Thanks for the Laughs, Kasper Hauser!

We needed it.

By Helyn Trickey March 8, 2009

We already knew Reed College students were smart, and now there’s also no mistaking their taste in humor. If you were among the lucky hundred or so people who saw Kasper Hauser’s sketch-comedy show Friday and Saturday nights at the Reed chapel, you’ll know what I mean.

First you need to know who, or what, Kasper Hauser is: a sketch-comedy quartet from San Francisco—Rob Baedeker, Dan Klein, and identical twins John and James Reichmuth. To say their comedy is intelligently, hilariously irreverent is a little like saying Portlanders sorta like bikes. Together, they’ve headlined some of the best comedy festivals and clubs in the country, and at the vaunted Edinburgh Fringe Festival they took the Herald Angel award. They cowrote and starred in Fishing with Gandhi and Cow Monkey, and have appeared on Comedy Central. Their books (so far) are SkyMaul: Happy Crap You Can Buy from a Plane and the upcoming Weddings of the Times: A Parody, to be released May 29. (For those of you who love to hate the Sunday wedding announcements in the New York Times, you’ll get it, and you’ll buy it for others who get it.) (Disclosure: Rob’s wife, Laura Scholes, a writer, is an old, close friend of mine, but I’d recommend these guys no matter what.) John and James are native Oregonians, from down around Medford, and James is a former Portlander. (John’s day job: public defender. James’s: psychiatrist.)

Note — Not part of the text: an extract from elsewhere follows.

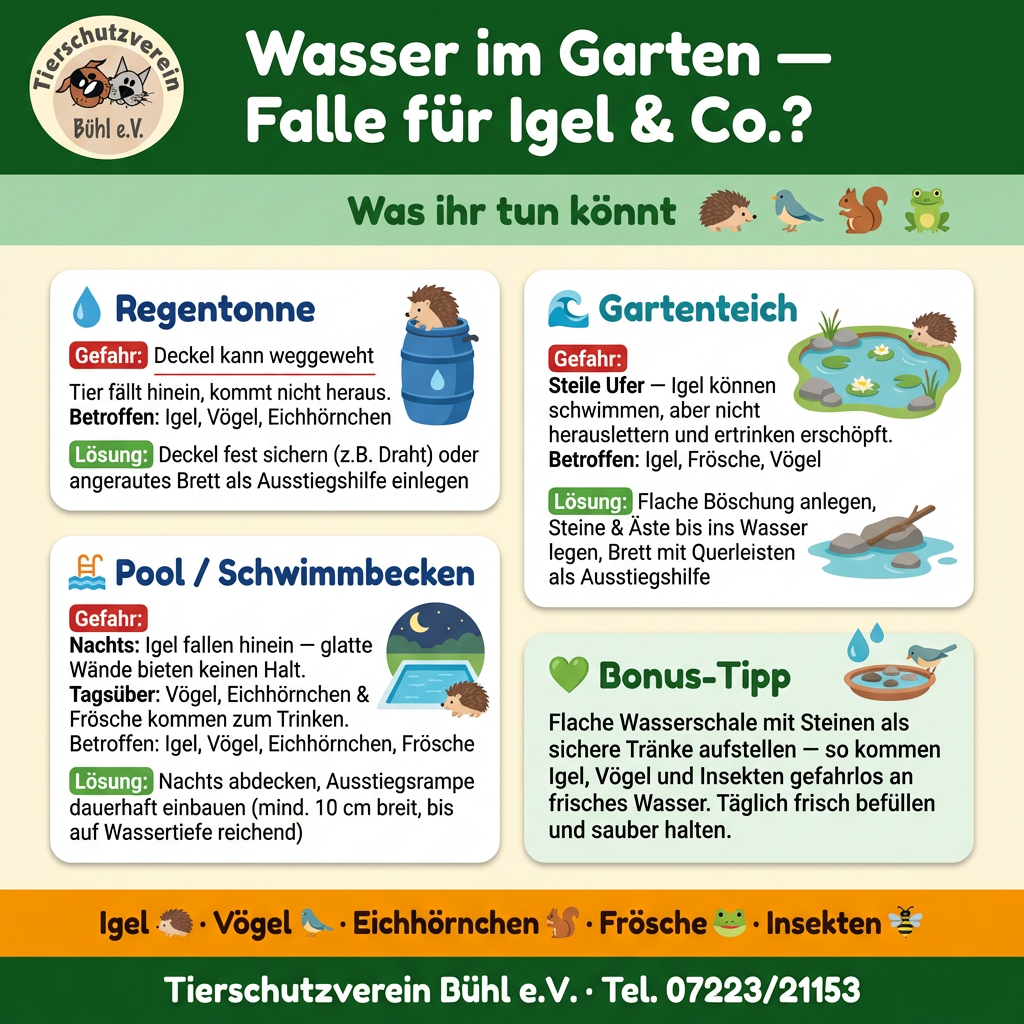 Wasser im Garten — Falle für Igel & Co.?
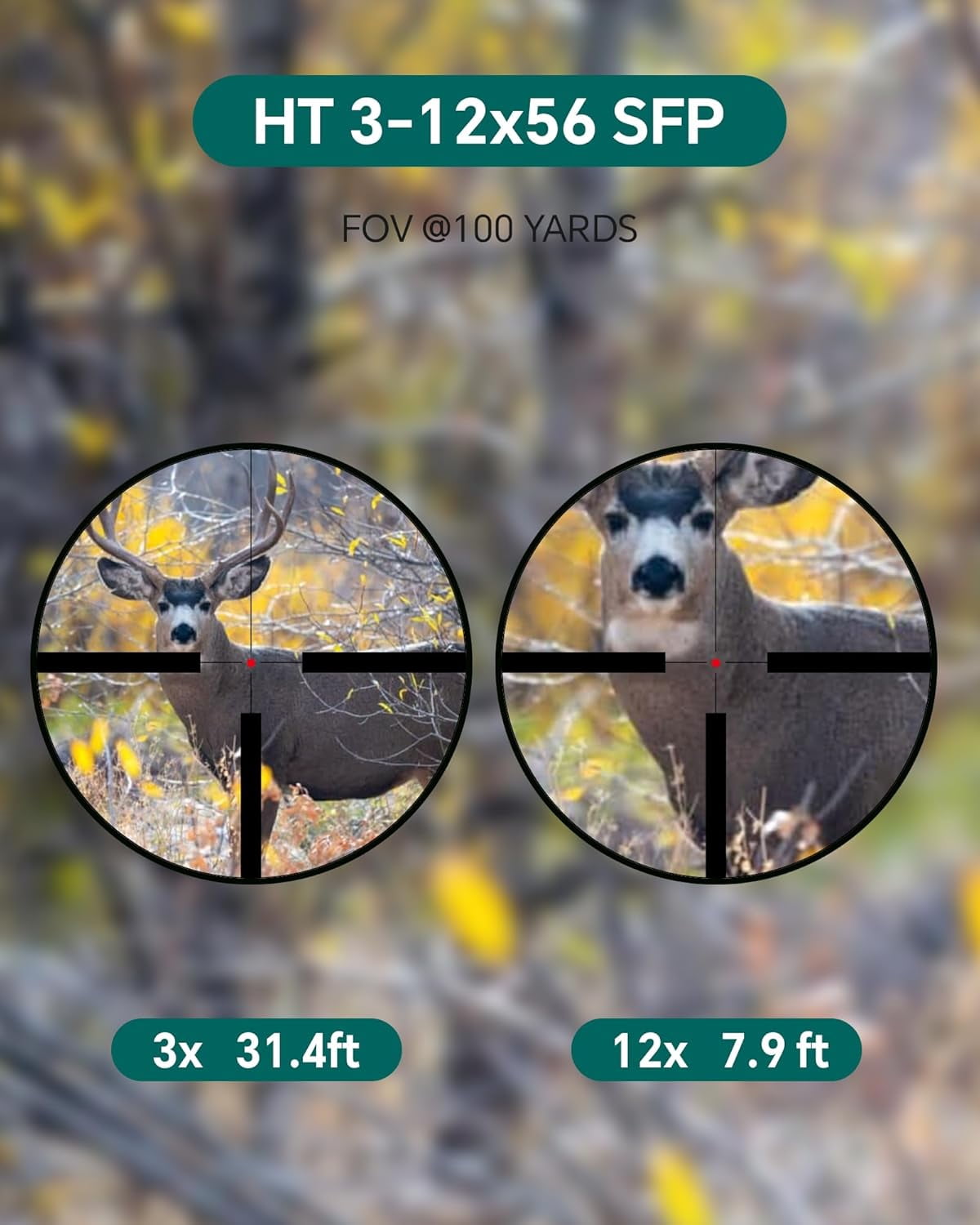 Aquilifer HT 3-12x56 SFP Rifle Scope, Red-Illuminated Mil Dot Reticle, 1/10 MRAD Turrets, 30mm Tube, Low-Light Hunting Optic, Waterproof Fogproof Shockproof Riflescope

Last night at Reed they had the room hooting with their popular parody of This American Life with Rob as a dead-on Ira Glass, James as a most unexpected (and slightly terrifying) Terri Gross, John as an equally spot-on Garrison Keillor, and Dan as the Lake Woebegon sound effects guy. (Update: they’ll be on the ACTUAL This American Life Sunday, March 15.) In another sketch they were monks who received word that the Vatican would allow them to speak after years of silence—an interesting question: if you’d been silent for a decade and had four minutes to speak before returning to your vow, what would you say? Yeah.

What else? A restaurant that served Spicy Pony Head. And a four-star general’s Senate confirmation hearing in which he text-messages with his saucy girlfriend (this one’s a sketch of multimedia genius derived from a writing exercise the guys do from time to time).

If you happened to be at Cafe Castagna late last night and got annoyed with the raucous table of ten, forgive us. On stage or off, these guys can’t help but bring down the house.

On their way out of town, they recommended—highly—the Portland sketch comedy group The 3rd Floor. Have you guys seen them? How are they?